The SLR plays a crucial role in determining the base rate for the economy. The base rate is the minimum rate fixed by the Reserve Bank of India (RBI) and it is the rate below which banks cannot lend funds to any borrower. The rate regulates transparency when banks lend out to the individuals within the credit market. The base rate ensures banks offer low expenses of funds to the clients. It helps to reduce loan expenses for borrowers.

In India, the base rate is influenced by cash reserve ratio, statutory liquidity ratio, overhead costs, cost of borrowings, cost of deposits and other things. The Reserve Bank of India and the government of India jointly decided to ensure a balanced SLR since it impacts the base rate.

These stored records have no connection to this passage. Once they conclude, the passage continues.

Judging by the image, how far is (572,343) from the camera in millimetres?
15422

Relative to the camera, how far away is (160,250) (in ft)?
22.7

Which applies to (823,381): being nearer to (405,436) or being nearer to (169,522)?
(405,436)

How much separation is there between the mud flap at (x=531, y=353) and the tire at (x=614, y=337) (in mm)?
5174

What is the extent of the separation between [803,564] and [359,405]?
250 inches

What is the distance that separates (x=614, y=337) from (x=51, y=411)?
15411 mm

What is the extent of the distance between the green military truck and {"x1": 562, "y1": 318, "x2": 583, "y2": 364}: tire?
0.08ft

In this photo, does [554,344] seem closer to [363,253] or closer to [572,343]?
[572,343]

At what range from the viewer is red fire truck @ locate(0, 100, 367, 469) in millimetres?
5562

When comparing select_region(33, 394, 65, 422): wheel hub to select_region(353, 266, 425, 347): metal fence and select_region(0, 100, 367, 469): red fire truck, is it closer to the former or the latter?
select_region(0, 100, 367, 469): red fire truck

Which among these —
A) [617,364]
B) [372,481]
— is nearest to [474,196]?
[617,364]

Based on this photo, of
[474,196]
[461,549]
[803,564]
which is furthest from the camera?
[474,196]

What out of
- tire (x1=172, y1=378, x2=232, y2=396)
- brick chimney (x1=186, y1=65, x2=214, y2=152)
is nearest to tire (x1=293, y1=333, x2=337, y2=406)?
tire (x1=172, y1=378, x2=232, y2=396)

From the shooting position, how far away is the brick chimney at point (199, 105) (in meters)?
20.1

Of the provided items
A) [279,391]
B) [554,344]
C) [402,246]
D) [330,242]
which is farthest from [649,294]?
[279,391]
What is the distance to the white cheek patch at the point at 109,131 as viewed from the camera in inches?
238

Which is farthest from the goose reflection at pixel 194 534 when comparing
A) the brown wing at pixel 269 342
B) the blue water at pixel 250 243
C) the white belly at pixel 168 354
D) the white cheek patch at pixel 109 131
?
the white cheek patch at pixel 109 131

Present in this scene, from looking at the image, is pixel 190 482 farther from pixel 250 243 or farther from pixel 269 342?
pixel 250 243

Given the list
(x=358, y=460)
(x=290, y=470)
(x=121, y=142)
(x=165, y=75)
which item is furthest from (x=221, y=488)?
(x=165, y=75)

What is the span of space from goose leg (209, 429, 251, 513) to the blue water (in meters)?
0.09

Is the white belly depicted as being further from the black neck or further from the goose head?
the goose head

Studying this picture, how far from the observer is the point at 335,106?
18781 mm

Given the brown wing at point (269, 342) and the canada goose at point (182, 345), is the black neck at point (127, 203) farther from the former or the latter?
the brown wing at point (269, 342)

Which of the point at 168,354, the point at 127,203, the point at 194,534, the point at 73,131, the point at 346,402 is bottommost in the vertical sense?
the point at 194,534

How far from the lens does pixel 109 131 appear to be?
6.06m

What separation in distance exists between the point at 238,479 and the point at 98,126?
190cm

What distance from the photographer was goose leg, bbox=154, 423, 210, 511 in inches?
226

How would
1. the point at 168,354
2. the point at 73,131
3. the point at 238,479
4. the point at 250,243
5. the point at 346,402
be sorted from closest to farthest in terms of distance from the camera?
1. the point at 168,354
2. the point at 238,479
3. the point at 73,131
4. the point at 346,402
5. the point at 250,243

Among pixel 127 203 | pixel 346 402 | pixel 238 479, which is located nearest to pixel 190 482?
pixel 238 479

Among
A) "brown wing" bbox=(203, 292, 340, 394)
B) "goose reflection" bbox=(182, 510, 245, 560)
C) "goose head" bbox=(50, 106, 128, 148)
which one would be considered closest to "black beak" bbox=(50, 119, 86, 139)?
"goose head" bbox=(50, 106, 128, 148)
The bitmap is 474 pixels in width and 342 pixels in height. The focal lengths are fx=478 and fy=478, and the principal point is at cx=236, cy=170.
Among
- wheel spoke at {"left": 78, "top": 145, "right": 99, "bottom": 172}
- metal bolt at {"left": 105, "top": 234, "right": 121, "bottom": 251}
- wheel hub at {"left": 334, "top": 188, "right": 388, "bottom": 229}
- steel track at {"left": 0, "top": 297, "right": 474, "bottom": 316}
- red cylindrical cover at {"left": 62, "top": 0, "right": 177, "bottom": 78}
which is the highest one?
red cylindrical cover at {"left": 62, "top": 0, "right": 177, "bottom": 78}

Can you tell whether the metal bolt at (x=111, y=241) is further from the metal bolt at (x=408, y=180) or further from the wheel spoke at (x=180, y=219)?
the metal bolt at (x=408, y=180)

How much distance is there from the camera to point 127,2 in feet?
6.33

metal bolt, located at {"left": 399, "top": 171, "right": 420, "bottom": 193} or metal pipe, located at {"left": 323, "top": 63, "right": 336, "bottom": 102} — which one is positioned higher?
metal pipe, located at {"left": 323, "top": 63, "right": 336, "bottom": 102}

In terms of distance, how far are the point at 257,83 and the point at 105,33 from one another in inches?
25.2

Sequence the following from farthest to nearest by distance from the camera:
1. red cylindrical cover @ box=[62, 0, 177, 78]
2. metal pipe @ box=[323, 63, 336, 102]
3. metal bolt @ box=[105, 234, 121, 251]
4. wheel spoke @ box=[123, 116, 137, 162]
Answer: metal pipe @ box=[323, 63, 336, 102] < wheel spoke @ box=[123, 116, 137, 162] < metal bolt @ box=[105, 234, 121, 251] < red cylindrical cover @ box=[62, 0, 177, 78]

The SLR is monitored regularly to ensure that banks are empowered with greater leverage and better-influencing capability.

Reduction in Statutory Liquidity Ratio

Most often, the Reserve Bank of India is proactively involved in reducing the statutory liquidity ratio of the banks. There are a couple of motivations behind doing this.

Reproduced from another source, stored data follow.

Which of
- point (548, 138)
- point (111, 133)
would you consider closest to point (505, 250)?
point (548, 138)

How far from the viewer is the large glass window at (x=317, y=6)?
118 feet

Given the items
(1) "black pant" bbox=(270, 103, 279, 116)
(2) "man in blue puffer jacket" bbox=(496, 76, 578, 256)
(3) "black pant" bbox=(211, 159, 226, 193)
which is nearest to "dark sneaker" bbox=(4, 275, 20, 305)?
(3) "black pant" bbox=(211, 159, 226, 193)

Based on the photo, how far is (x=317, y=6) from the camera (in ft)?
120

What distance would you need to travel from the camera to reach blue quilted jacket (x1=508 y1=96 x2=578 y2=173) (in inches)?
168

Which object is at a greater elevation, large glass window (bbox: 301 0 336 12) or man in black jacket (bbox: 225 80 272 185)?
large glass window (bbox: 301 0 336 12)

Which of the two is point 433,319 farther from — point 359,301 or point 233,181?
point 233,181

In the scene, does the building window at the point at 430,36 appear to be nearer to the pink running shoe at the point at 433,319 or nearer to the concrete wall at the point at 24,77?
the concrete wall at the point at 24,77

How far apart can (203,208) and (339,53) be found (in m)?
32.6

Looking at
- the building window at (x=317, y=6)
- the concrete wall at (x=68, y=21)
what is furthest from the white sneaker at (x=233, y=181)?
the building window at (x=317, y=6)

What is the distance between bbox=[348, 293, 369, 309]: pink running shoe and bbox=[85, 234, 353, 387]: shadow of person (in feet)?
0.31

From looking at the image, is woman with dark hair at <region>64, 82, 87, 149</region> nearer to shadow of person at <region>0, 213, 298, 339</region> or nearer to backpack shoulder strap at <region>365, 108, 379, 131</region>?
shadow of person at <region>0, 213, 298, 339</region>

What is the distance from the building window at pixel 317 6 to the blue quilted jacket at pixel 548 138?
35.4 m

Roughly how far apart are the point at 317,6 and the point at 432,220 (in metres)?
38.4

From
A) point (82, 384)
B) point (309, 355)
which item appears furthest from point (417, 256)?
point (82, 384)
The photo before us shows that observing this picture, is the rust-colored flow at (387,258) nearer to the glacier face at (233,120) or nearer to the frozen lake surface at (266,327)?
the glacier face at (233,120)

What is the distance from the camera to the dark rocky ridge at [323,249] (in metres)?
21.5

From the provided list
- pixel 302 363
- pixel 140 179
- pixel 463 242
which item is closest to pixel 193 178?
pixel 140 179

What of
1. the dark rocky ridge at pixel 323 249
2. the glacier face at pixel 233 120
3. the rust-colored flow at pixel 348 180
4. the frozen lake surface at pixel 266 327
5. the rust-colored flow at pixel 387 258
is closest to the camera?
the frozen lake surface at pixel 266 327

  • It is done so that banks can jointly work with higher authority and without influence from other institutions.
  • Since the base rate influences the lending process on a large scale, the central bank or Reserve Bank of India carefully ensures that the lending process is carried out smoothly across banks in the country. Due to this, the SLR is reduced from time to time to the main favourable position of the base rate.
  • The rate is lowered at times to cut through the monotony with which banks function in their day-to-day operations. Reducing the statutory liquidity ratio gives banks the opportunity to work with commitment and dedication.
  • The SLR rate is also reduced with the intention of making financial as well as economic betterments in the entire country.

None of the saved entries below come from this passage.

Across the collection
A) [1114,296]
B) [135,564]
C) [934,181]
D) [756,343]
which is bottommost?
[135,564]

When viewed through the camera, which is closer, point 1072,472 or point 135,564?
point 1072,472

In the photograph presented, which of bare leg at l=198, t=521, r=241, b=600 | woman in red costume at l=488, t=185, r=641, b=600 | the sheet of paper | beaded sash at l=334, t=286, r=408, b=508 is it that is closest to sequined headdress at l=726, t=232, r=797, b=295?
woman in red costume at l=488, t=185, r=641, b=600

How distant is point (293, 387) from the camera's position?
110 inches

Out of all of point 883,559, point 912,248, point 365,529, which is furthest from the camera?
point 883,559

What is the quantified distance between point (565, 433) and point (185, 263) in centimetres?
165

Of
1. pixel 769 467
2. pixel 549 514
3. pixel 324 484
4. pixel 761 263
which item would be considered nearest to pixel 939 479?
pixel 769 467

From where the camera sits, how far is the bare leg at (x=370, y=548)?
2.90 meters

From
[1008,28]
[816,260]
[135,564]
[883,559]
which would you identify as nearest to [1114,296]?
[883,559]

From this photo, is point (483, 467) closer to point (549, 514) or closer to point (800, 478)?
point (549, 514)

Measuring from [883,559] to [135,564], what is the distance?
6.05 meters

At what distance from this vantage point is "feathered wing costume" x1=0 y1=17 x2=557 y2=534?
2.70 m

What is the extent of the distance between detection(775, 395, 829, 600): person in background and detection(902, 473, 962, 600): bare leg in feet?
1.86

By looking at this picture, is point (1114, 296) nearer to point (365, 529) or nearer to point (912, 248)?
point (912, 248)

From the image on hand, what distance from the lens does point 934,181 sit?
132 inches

Also Read: RBI Guidelines for UPI Frauds in Banks


Thus, we can understand that the statutory liquidity ratio plays a very important role in the Indian economy. It maintains healthy credit flow and inflation in a country by enabling financial institutions to maintain liquidity, which acts as a buffer in times of unexpected cash crunch. SLR also reduces commercial bank holdings in government securities and instead emphasises private security holdings. SLR is an effective monetary tool that helps to build transparency between other Indian banks and the RBI.

Who maintains the SLR?
Every bank in India is responsible for maintaining the SLR by ensuring that a certain percentage of the Net Demand and Time Liabilities (NDTL) is kept in the form of liquid assets such as gold, cash, government securities, etc.
What is the maximum limit for the statutory liquidity ratio?
The maximum limit for the statutory liquidity ratio in India is 40%.
Does the SLR need to be maintained daily by banks?
Statutory liquidity ratio needs to be maintained by banks daily on a mandatory basis. It is calculated as the percentage of Net Demand and Time Liabilities.
Why is the SLR rate higher than the CRR?
The SLR rate is always higher than CRR because it generates better yield for the banks and helps them to gain more profits.